Just as how LeBron James constantly pays homage to his upbringing in Akron, Ohio, Nike’s newest building has a distinct nod to its origin story too. The front of the building boasts a bold, cantilevering extension that greets each visitor. The space that juts out is where much of the 84,000 square-foot Nike Sport Research Lab is housed, featuring a full-size basketball court, a 200-meter track, and artificial turf field. But what really separates this space from any other sports research lab is the world’s largest motion-capture installation (over 400 cameras) and 97 force plates.

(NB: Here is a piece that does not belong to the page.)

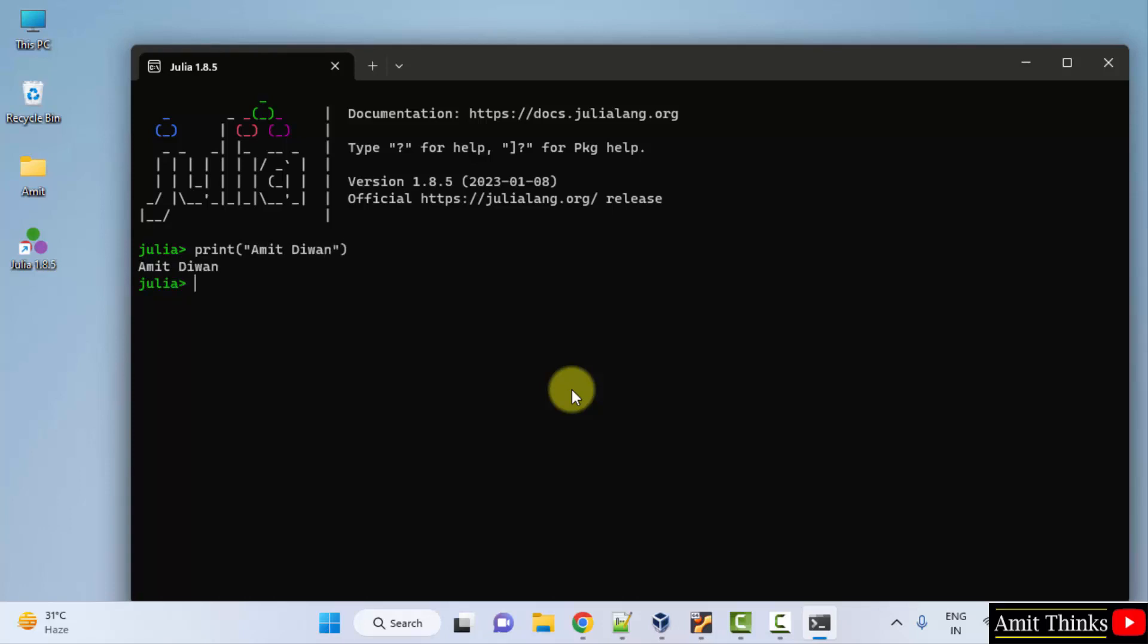So guys, in this video we saw how we can easily install Julia on Windows. Thank you for watching the video.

These force plates are so sensitive, they can record someone’s heartbeat by simply standing on it.
But in order to use such technical instruments, the Sport Research Lab needed to be located on the ground floor, a move that would’ve gone against the wishes to have the lab located on the top floor. So, AD100 architect Tom Kundig decided to get innovative. “When we asked a structural engineer what material would work to facilitate such sensitive floorboards above it, they gave us one answer: The waffle-iron pattern,” Kundig says. “It was so unthinkably serendipitous.”
The serendipity Kundig is referring to goes back to Nike’s very beginning. “Nike’s co-founder Bill Bowerman was famous for ruining his wife’s waffle iron,” says Tinker Hatfield, a legendary sneaker designer and current vice president for design and special projects at Nike. What Hatfield is referencing is how, in the early 1970’s, Bowerman was trying to create a waffle-iron rubber sole for new footwear that would grip but be lightweight at the same time. And voilà, the iconic waffle-iron sole was born. “But you know, Bowerman’s wife never told him to stop breaking the waffle irons because she knew that’s the process of being innovative,” Hatfield continues. “It’s about experimenting, about being a failure and making mistakes and then coming up with something that’s actually quite wonderful.”